I was lucky enough to have this piece published on the Born To Bunk website last year, and now that my blog is finally up and running I wanted to share it here too. Bangladesh was a huge culture shock to me, and one that I struggled with at times, but looking back I realise what an amazing and unique experience it was.
When I first arrived in this dusty, hectic city I was confronted with unnerving stares from the locals and a feeling that I really wasn’t in Kansas anymore. If you can safely navigate your way through the hordes of people, rickshaws, motorbikes, cars, and buses then this capital city has some great places to discover.
The Ashan Manzil (Pink Palace) is a must-see, as is the National Assembly Building, both places to escape the big crowds – but not the stares. The markets and tiny streets lined with stalls are easy to get lost in a whirlwind of hand-printed fabrics and knock-off t-shirts, the smell of incense burning your nostrils and the sound of honking traffic never quite fading away.
If it ever gets too much for you, all you have to do is escape to one of the many roof gardens, high above the chaos and watch the sunset through the smog.
Paharpur Buddhist Monastery
When you step off the bus (that only just made it here in one piece) you feel like you’ve travelled back in time. Paharpur is the second largest Buddhist monastery south of the Himalayas, and even in its ruined state, it’s impressive.

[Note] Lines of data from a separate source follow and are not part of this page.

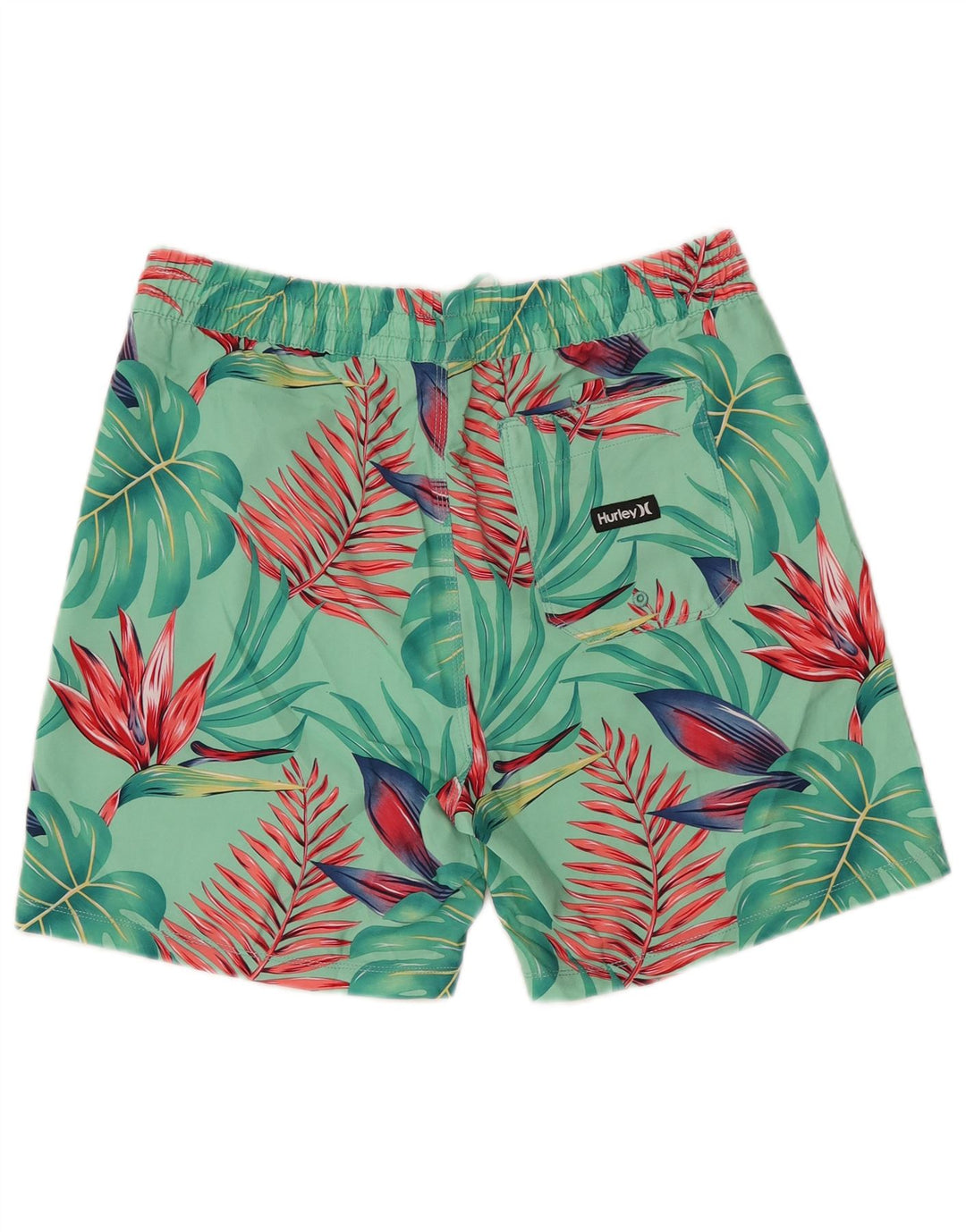 HURLEY Herren-Badeshorts aus mittelgrünem, geblümtem Polyester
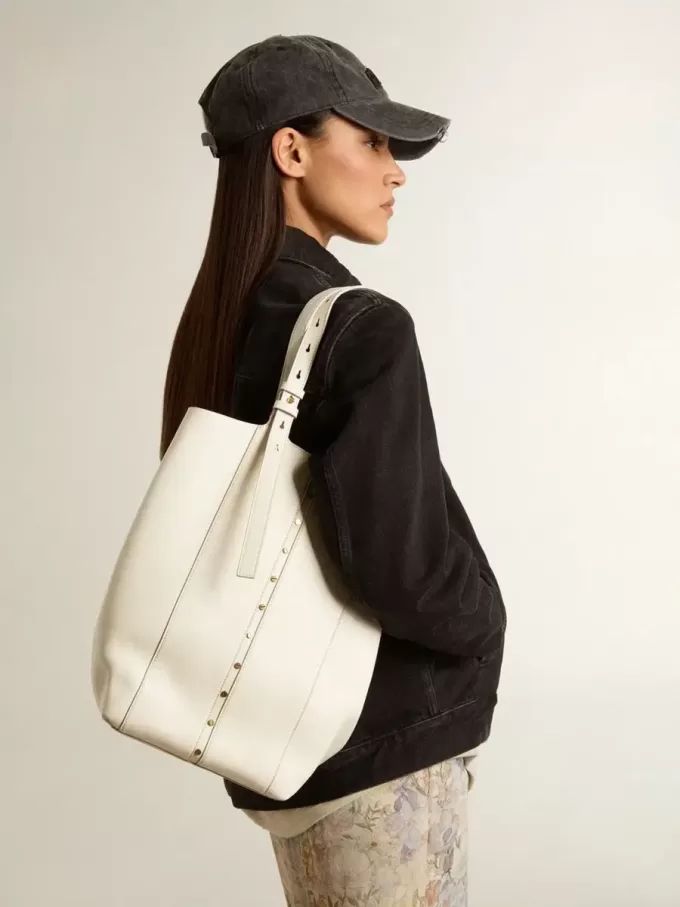 Bolso 24/7 North South en piel color mantequilla con asas ajustables Bolso 24/7 North South en piel color mantequilla con asas ajustables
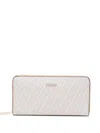 Liu •jo Large Monogram Zip Wallet In Neutral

Being a tourist grants you special privileges, we were allowed to spend the night in the original research building and were taken on a private tour at night, the full moon our only source of light. It’s even more mysterious in the dark.
Srimangal Tea Estates
After another terrifying bus journey, you arrive in the quaint little town of Srimangal. The first thing you should do here is rent a bicycle, find yourself a quiet little tea shop on the edge of one of the many private tea estates and try their famous 7-layered tea.
You should then immediately ride to Lawachara National Park and spend a day hiking through the forests and tribal villages in search of the endangered Hoolock Gibbon.
Listed as the world’s longest natural sand beach at 150 miles, it’s 149 miles of pure golden sands, untouched by anyone other than the fisherman from Myanmar with their beautifully carved wooden boats.
The other mile is crowded with amazing restaurants teetering on wooden stilts built 40 feet above the surf, alcohol-free bars, and hotels for every price range. The locals gather on this one-mile stretch and wade into the sea fully clothed. Be careful to stay covered up though, especially if you’re female.
According to Wikipedia, The Sundarbans are the ‘largest single block of tidal halophytic mangrove forest in the world’. To me, it’s a place where you can pretend you’re Indiana Jones. As you reach the muddy shores by boat, you’re greeted by a man with a gun – ‘just in case’.
You’re hunting for Bengal tigers, following tracks, wading through mud, in and around the mangrove forest. Even if you don’t spot any, everyone has a chance to see crocodiles and monkeys before sailing back to the mainland at sunset, keeping an eye out for the rare Irrawaddy dolphins.
At first, being stared at silently by everyone, and I mean everyone, leaves you feeling a little violated. Especially once they take their phones out and start snapping pictures of you while you’re squatting down to pee or trying to sleep on the train. But understand this, Bangladesh doesn’t have much of a tourist industry and you are as interesting to them as the sights are to you.
Smile, be kind, give away a little money or leftover food to the poor, and they will return your kindness. Everywhere we went, word got around and the locals would run for the one person who spoke a little English. We were driven around, given tours of the town, help with buses and trains, we even had breakfast and lunch cooked for us by complete strangers. Kids in Bangladesh are happy, energetic, kind, curious, love to have their photo taken and can have fun playing outside, no need for an Xbox or a PS3.